The primary mechanism of P7C3's neuroprotective activity involves enhancement of nicotinamide phosphoribosyltransferase (NAMPT) — the rate-limiting enzyme in the NAD+ salvage pathway. By stabilizing and potentiating NAMPT activity, P7C3 maintains intracellular NAD+ levels under conditions of metabolic stress, preventing the bioenergetic crisis that triggers neuronal apoptosis. NAD+ is essential for mitochondrial oxidative phosphorylation, DNA repair (via PARP enzymes), sirtuin-mediated stress responses, and calcium homeostasis — all processes that become compromised during neurodegeneration. In hippocampal neurogenesis, P7C3 specifically protects newborn neurons during the critical period of integration (2–3 weeks post-mitosis) when approximately 70–80% of new neurons normally undergo programmed cell death. This pro-survival effect, combined with downstream enhancement of BDNF signaling and mitochondrial membrane stabilization, produces robust increases in functional neurogenesis. P7C3's activity thus complements that of BDNF-enhancing compounds like P21 and Semax, which stimulate neuronal birth, by ensuring the survival of newly generated neurons.

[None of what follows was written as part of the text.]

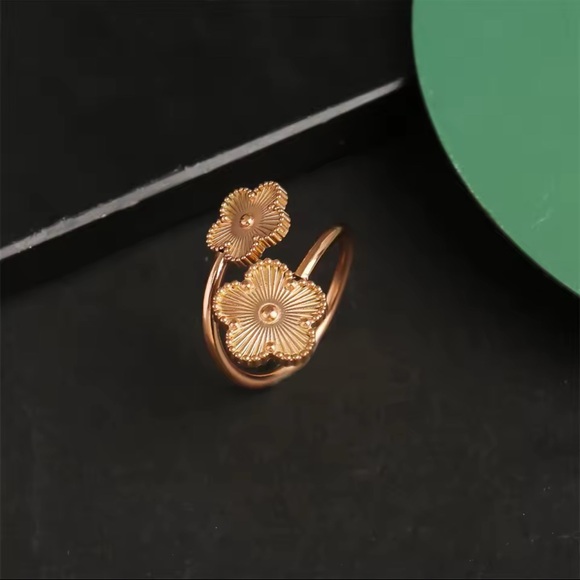 Chic Gold Floral Double Flower Ring - Picture 5 of 7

P7C3 and its analogs are administered orally and demonstrate good pharmacokinetic properties including blood-brain barrier penetration, oral bioavailability, and a favorable safety profile in preclinical testing. Research doses in rodent models typically range from 10–30 mg/kg. While P7C3 has not yet entered formal clinical trials, its mechanism through NMN/NAD+ pathway stabilization makes it conceptually synergistic with NAD+ precursors such as NMN or NR, as well as with direct neurotrophic agents like Dihexa. P7C3 remains a research tool compound with significant translational potential for neurodegenerative diseases characterized by impaired neurogenesis and NAD+ depletion.
Mechanism of Action
Mechanism of Action
P7C3 is an aminopropyl carbazole compound discovered through an in vivo screen for proneurogenic agents. Unlike many neurogenesis-enhancing compounds that stimulate progenitor proliferation, P7C3 acts primarily by protecting newborn neurons from programmed cell death.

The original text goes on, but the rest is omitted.